Os encontros nos grupos de apoio após a adoção constituem-se como espaços onde é permitido falar sobre os sentimentos decorrentes da adoção e contribuem para a construção de parcerias e afinidades fundamentais para a desmistificação de vários preconceitos, como por exemplo o da razão para alguns comportamentos dos filhos. A Lina partilhou que os: “Comportamento, falta de concentração, todos vêm de um lugar comum, um lugar de trauma e adversidade. Quando deixamos de entender como um ataque pessoal e entendemos como uma dificuldade que nós adultos, com conhecimento, podemos ajudar a superar, abre-se o dia com um sol radioso e, em vez de desentendimentos e ressentimentos, há espaço para a empatia, compreensão, crescimento e um amor tão intenso a crescer”.

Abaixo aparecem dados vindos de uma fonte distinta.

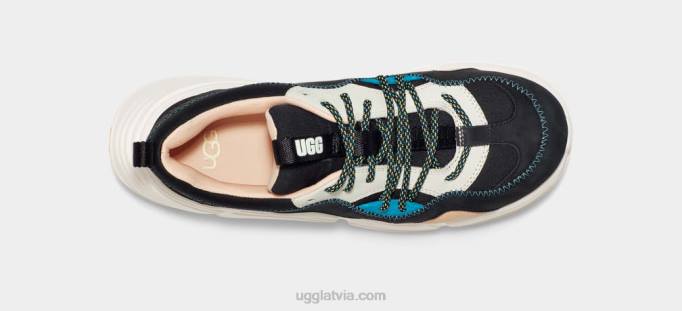 sievietes UGG Calle mežģīņu āda Z48J2151 melns multi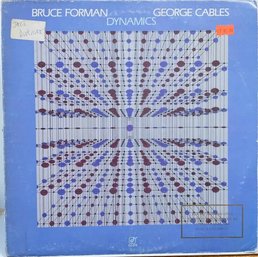 1985 PROMOTION RELEASE BRUCE FOREMAN AND GEORGE CABLES-DYNAMICS VINYL RECORD CJ-279 CONCORD JAZZ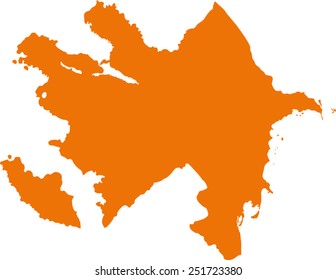 map of Azerbaijan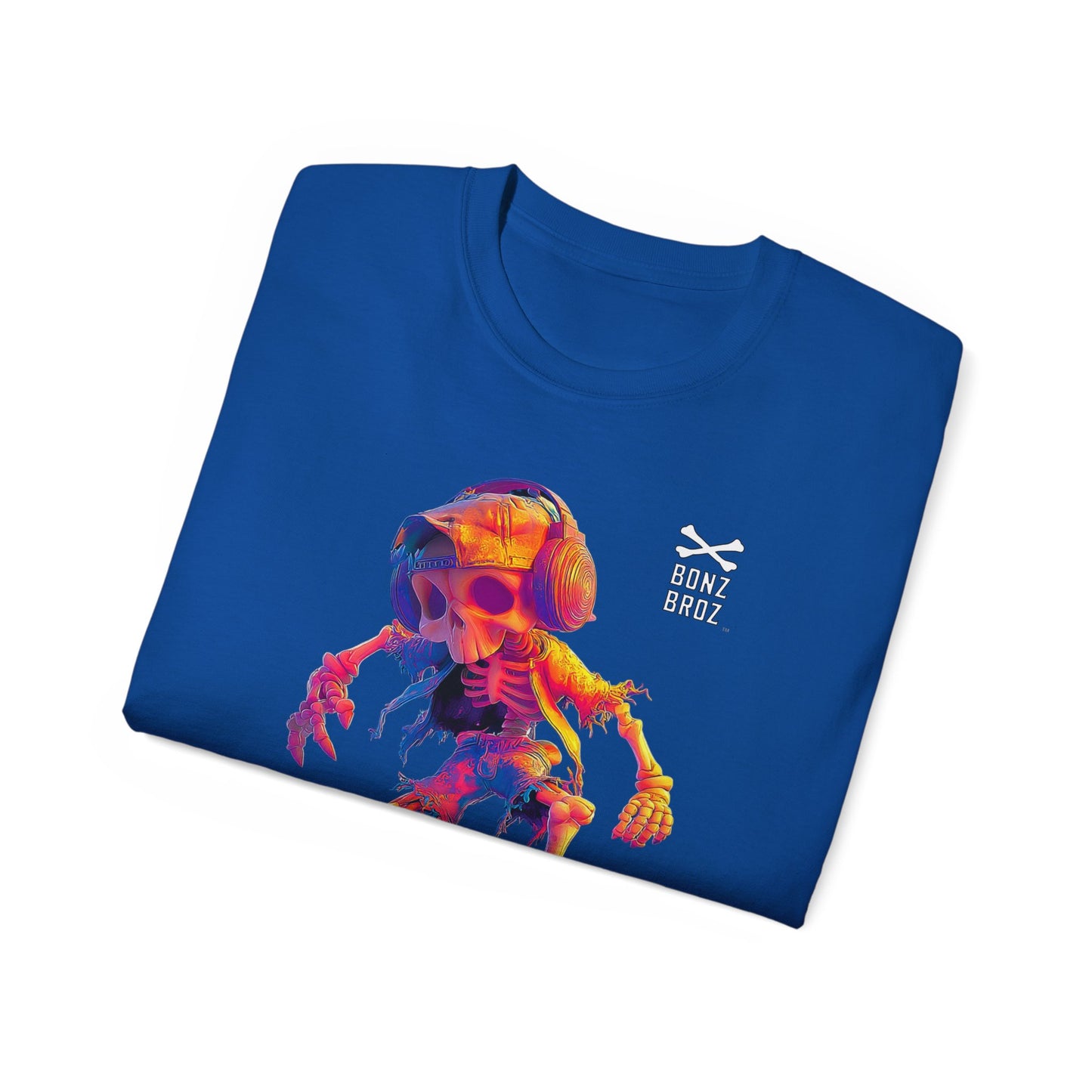Skateboard Skeleton Unisex Tee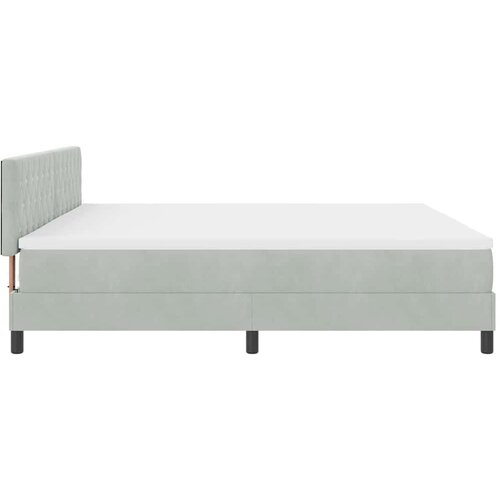  LED Box Spring Krevet Svijetlo siva 200 x 200 cm Bar&amp;scaron;un Slike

Este pais e mães referiam-se também ao grupo após a adoção como uma oportunidade de construção de espaços de relação para além dos encontros, de momentos lúdicos entre pais, mães, filhos e filhas. A Rita testemunhou que: “Ao fim de um ano, o grupo reuniu-se. Fizemos um picnic. Crianças de todas as idades, proveniências, fenótipos, juntas, num parque, a correr, a brincar, a andar de kart. Os pais, partilham experiências e riem-se, estavam todos com algum receio que fosse uma tarde tensa ou pudesse haver dificuldades, mas tudo flui”. Um encontro de convívio “entre iguais”, como referiu a Maria: “Fizemos há uns fins-de-semana o primeiro piquenique e vieram famílias de toda a parte, foi muito giro. Havia crianças e jovens de todas as idades, uns adoptados há muito tempo e outros com adopções muito recentes. Foi muito giro, porque se gerou um sentido enorme de normalidade entre eles. Uma das crianças disse à minha filha mais velha: — Mas foram todos adoptados? Então eu sou normal?”, ou uma espécie de partilha “códigos secretos” entre filhos e filhas adotados como mencionou a Rita: “Vejo alguns dos miúdos mais velhos (adotados há mais anos) a ajudar o meu num princípio de birra, vejo-os a olhar para o meu com olhar enternecedor como quem diz: sei o que estás a passar e vou-te ajudar. E desbloqueia. A aldeia é também dos mais novos e, mais uma vez sem detrimento de outras amizades, penso que estes podem ajudar o meu filho ao longo da vida. Afinal, ainda que duro, eles partilham alguns códigos secretos que apenas eles – e nem nós os pais – dominam”.
A participação em grupos de apoio após a adoção é, por si mesma, uma estratégia de apoio altamente recomendável. Mas, por vezes, os pais, mães, filhos e filhas adotadas necessitam de um acompanhamento mais íntimo, individualizado e especializado, um apoio psicoterapêutico em contexto familiar, que permita, por exemplo, a observação da relação familiar em contexto (em casa, numa atividade fora de casa, …), focado nas preocupações vivenciadas em situações particulares do dia a dia, para que se desenvolvam as estratégias adequadas à situação daquela família.
Finalizamos este texto com a referência a dois provérbios africanos: “Se queres ir depressa, vai sozinho; se queres ir longe, leva companhia”, e como recordou a Rita: “É preciso uma aldeia inteira para educar uma criança (…) O ditado faz ainda mais sentido quando falamos em crianças que foram adotadas”.